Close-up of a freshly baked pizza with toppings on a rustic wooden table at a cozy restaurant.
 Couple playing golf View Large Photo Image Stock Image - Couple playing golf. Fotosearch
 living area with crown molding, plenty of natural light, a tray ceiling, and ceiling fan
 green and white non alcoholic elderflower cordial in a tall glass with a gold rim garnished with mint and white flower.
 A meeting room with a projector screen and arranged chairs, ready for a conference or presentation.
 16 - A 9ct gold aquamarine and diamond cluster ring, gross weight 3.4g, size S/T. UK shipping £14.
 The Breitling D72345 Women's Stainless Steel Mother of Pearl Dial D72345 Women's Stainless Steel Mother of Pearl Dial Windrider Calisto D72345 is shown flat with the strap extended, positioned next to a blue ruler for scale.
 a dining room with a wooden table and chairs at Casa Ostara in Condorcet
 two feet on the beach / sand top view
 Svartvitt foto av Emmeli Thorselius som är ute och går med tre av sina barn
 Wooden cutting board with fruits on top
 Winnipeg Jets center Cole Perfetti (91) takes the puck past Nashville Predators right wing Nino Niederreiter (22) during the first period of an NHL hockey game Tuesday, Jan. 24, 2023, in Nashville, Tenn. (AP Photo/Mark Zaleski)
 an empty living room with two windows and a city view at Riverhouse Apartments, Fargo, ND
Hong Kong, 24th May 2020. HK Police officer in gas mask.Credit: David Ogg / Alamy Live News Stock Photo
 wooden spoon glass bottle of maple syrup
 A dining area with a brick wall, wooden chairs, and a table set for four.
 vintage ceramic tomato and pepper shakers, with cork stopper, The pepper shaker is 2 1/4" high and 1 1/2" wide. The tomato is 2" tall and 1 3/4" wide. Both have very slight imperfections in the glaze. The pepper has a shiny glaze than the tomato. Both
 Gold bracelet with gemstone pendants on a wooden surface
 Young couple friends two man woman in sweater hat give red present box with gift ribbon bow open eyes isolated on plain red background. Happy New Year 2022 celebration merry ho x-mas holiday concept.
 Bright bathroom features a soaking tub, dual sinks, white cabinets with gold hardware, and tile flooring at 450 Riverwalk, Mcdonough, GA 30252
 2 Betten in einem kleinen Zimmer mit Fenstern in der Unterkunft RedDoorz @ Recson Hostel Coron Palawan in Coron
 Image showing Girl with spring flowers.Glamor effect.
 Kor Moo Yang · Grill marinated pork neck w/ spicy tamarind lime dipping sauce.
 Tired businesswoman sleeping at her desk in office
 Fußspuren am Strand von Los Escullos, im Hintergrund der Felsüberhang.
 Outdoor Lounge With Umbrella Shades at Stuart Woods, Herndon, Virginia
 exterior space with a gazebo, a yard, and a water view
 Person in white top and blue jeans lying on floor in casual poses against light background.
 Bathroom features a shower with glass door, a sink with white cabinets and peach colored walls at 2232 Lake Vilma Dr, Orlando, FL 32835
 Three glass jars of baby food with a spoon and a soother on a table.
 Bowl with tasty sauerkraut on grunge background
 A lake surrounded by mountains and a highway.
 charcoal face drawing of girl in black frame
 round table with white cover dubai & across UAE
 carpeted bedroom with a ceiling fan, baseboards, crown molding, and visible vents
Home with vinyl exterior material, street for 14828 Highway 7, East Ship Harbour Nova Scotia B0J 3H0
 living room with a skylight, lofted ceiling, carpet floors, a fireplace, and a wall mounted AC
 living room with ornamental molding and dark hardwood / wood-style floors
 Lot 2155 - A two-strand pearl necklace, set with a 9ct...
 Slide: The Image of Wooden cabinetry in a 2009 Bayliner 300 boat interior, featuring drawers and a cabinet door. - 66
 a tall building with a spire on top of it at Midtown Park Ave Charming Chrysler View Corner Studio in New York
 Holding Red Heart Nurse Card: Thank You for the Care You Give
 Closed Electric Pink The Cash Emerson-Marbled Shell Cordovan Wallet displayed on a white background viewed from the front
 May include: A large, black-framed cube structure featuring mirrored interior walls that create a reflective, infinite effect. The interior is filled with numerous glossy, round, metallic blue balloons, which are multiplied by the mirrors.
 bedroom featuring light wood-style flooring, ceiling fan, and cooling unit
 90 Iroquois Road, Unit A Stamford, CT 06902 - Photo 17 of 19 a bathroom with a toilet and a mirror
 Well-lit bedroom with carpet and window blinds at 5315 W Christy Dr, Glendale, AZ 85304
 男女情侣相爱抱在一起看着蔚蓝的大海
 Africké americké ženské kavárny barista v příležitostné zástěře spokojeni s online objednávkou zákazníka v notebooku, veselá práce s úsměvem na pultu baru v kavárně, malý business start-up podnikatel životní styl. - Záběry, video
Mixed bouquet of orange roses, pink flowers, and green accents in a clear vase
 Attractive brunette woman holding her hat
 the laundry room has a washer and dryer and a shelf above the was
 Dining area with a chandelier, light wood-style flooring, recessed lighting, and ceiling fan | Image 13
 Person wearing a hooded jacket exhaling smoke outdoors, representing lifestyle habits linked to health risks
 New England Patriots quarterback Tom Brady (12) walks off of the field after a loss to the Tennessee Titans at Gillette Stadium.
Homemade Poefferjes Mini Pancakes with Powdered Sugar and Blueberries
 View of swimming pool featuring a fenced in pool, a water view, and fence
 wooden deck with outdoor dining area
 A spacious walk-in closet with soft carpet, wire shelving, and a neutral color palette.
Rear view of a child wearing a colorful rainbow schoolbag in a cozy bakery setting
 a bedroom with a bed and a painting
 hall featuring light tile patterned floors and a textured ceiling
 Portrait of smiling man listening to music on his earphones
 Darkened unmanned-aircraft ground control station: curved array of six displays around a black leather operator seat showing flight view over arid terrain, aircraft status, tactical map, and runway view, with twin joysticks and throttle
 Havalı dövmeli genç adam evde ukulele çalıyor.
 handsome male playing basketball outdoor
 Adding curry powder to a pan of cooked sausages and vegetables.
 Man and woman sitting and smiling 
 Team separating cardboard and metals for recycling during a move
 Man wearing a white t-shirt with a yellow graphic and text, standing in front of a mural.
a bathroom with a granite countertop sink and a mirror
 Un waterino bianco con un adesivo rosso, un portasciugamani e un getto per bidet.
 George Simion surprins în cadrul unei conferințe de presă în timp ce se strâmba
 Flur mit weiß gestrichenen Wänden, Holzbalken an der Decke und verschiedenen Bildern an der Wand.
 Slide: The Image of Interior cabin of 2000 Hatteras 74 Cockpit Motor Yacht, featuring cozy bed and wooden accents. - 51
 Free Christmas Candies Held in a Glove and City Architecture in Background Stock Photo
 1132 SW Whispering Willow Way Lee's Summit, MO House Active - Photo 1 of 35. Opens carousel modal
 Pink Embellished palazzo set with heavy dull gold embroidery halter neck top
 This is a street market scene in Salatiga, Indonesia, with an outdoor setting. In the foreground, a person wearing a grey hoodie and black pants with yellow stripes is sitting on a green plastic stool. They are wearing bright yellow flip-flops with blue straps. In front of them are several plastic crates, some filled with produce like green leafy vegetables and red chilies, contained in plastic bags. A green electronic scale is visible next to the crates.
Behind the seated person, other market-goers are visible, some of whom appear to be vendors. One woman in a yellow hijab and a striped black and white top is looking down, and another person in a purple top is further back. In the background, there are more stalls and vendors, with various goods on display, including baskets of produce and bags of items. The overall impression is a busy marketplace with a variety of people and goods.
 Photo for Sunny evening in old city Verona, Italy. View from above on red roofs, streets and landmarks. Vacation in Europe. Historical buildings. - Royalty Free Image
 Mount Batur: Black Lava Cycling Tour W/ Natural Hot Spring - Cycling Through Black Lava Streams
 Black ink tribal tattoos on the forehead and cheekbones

ACTIVITY: For each line of the entries that contains the word "tile", make a copy.

FINISHED TASK:
 Bright bathroom features a soaking tub, dual sinks, white cabinets with gold hardware, and tile flooring at 450 Riverwalk, Mcdonough, GA 30252
 hall featuring light tile patterned floors and a textured ceiling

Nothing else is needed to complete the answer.